Task goal
Return each line exactly, beginning with the one that has "عطر سبيل لودد" and finishing with the final line of the material. Drop any pictures.

Exercise inputs

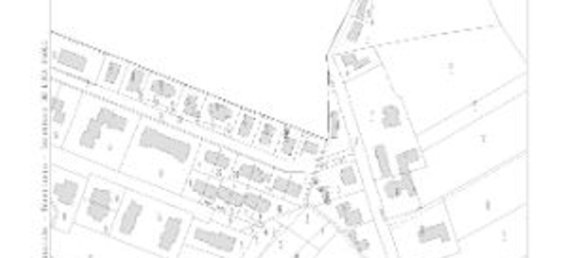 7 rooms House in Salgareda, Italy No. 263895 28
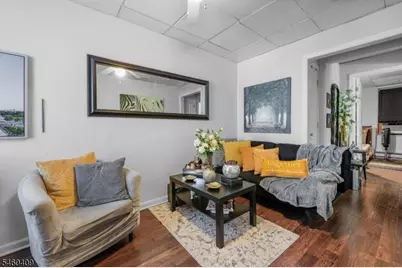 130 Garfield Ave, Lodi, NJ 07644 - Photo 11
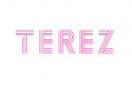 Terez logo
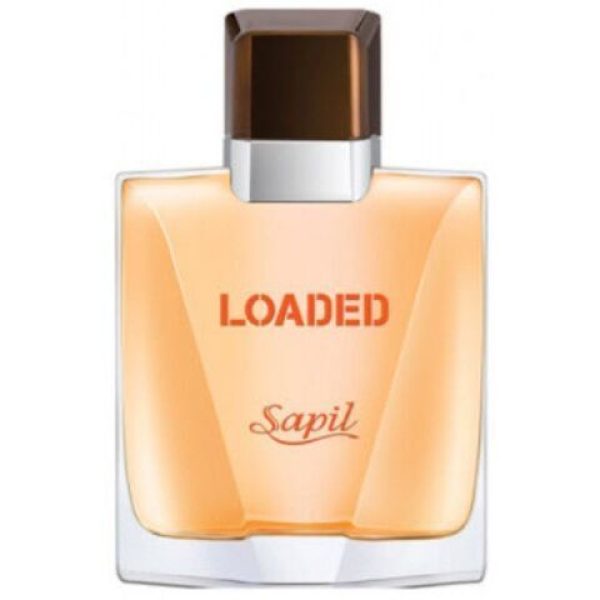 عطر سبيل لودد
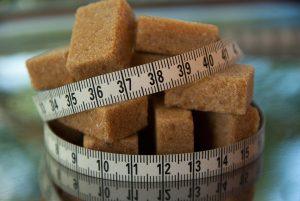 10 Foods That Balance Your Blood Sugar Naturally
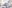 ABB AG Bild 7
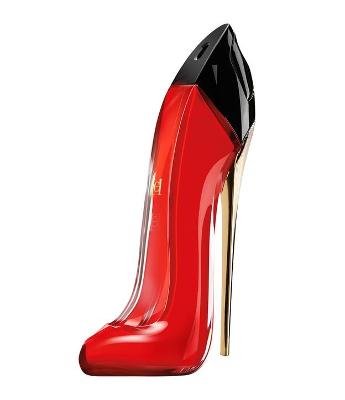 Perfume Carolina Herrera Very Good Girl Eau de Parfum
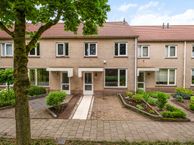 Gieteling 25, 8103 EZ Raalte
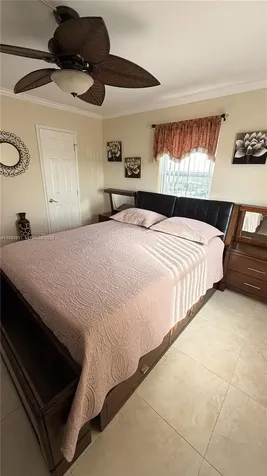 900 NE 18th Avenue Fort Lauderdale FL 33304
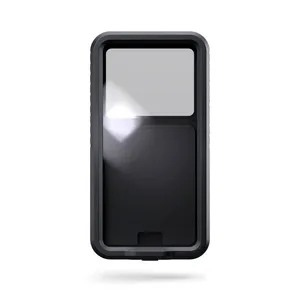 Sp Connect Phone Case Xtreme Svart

Task answer
 عطر سبيل لودد
 10 Foods That Balance Your Blood Sugar Naturally
 ABB AG Bild 7
 Perfume Carolina Herrera Very Good Girl Eau de Parfum
 Gieteling 25, 8103 EZ Raalte
 900 NE 18th Avenue Fort Lauderdale FL 33304
 Sp Connect Phone Case Xtreme Svart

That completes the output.